The Martha’s Vineyard Commission held a public hearing on yet another demolition request on Thursday night. The request to demolish West Chop’s 1133 Main St. came to the commission from owners Susannah and Brian Bristol, who argued the house is “under-structured.“
The Bristols are requesting permission to replace the four-story, seven-bedroom dwelling, which is believed to have been built around 1890, with a three-story structure that, according to architect Paul Weber, “will try to capture the same character as the existing house.”
Susannah Bristol told the commission that although she has been living in the winterized house year-round, “it doesn’t support full-time living.”
Despite the owner’s declaration that the house is structurally unsound, and may pose “possible safety concerns,” in his presentation, development of regional impact coordinator Alex Elvin noted, “Town agencies have not indicated any safety issues with the house.”
However, in an email to The Times, Tisbury building inspector Ross Seavey said that the Tisbury building department was not asked to give any input.
“We do not inspect homes for safety issues outside of an active building permit or an obvious and immediate safety hazard, nor were we asked to weigh in on this project, or really any other project,” Seavey wrote. “I don’t think it’s appropriate to be using us as counter-evidence when we were not consulted.
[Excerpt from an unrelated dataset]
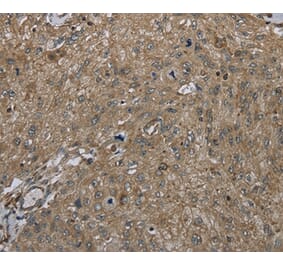 Immunohistochemistry - CLPS Antibody from Signalway Antibody (36357) - Antibodies.com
Structural integrity, if raised as an issue, should be reviewed and analyzed by a registered design professional; building-code-speak for an architect or engineer.”
There were 19 letters of support — 18 of which were written by West Chop residents — sent to the commission. They did little to outweigh correspondence from the Tisbury historical commission, which emphatically cited the significance of the structure, noting if it were to be demolished, “it would tear a page from the history of West Chop.”
“The challenges of rehabilitating such dwellings are considerable,” the letter states, “but many houses on Martha’s Vineyard, some more than a century older than 1133 Main St., have been successfully updated and thus preserved.”
In reviewing planning concerns, Elvin listed material use, energy, wastewater, drainage and landscape; he explained that according to the town assessor, the structure is in above-average condition, and the project would call for the removal of several mature oak trees.
The project would call for a new Title 5 septic system, and roof gutter drainage system, both of which the Bristols state they plan on doing. Additionally, because the building is currently oil-heated, the Bristol’s stated they would like to install electric heat pumps, which they allegedly cannot do without a full demolition.
Per the demo application, the Bristols stated that they will try to salvage some existing interior features of the house. “Certainly the front door will be the front door for ever and ever,” Susannah Bristol told commissioners.
Commissioner Linda Sibley questioned why the oak trees need to be removed, to which Bristol responded the goal would be to save the trees, and it may be possible to avoid the removal. “There are ways you can put in steel barriers that protect the roots,” she said.
Commissioner Brian Smith questioned the safety concerns regarding the existing building, and inquired as to whether the house has balloon framing. Contractor Gary Maynard said he has “not opened up the whole building,” but believes there to be indications that it is “lightly framed by today’s standards,” and could not speak to whether it poses possible safety hazards.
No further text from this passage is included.